Three features that carry the weight
- Structural comparison. Functors map one system of relations onto another, preserving composition. The question shifts from “are these the same?” to “is there a structure-preserving map between them?”
- Relational characterisation. The Yoneda Lemma — an object is fully characterised by its relationships — licenses treating subjects and languages by their relational profiles rather than their interior content.
- Level-climbing. Higher categories articulate relations between relations, indefinitely up. Each level brings finer expression about structure already present in the base — the relational power is in the starting primitives, not added by climbing.
SPLectrum’s use
Category theory is the tool SPLectrum uses to look across languages. Mapping one language onto another is a functor. Comparing two such mappings is a natural transformation. The apparatus scales: from two languages to a web of them, from simple translation to translation-of-translations.
- Cross-language analysis. Every language (natural, formal, software, domain-specific) is a category. Mappings between them are functors. CT gives the shape of what is preserved and what is lost in translation.
- Seed formalisation. P0 and P1 are CT’s own starting primitives in philosophical form. Given those two, CT implements the structural dynamics of the remaining principles — the meaning stays in the seed.
- The float principle. CT reasons about relations without committing to what the objects are. This is what makes it usable across SPLectrum’s full range — from philosophical traditions to software protocols.
Prior art
SPLectrum’s use of CT sits within an existing tradition of applying category theory to language and to translation between formalisms.
Lambek — categorical grammar. Syntax as a pregroup, where grammatical types compose by adjunction.

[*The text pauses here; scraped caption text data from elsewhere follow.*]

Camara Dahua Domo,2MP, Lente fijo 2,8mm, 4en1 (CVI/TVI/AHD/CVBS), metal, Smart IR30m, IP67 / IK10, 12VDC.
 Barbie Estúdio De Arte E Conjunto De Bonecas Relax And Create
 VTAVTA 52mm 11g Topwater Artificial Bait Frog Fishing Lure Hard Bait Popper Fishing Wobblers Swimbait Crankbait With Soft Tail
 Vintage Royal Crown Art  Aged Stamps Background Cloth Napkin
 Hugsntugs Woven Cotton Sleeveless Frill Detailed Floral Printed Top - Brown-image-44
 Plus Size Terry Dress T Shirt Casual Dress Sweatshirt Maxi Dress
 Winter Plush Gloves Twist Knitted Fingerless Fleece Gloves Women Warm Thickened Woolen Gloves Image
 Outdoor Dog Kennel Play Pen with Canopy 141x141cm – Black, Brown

The first systematic use of CT as a tool for language structure.
DisCoCat — distributional compositional categorical models. Coecke, Sadrzadeh, Clark. Combines distributional semantics (meaning from context) with categorical composition (meaning from structure). The sentence is a morphism; meaning composes categorically.
Institutions (Goguen, Burstall) — a category-theoretic framework for relating logical systems. Each institution is a logical system with its own signatures, sentences, and satisfaction relation. Translations between institutions are functors. A framework for comparing formalisms without reducing them to a common one.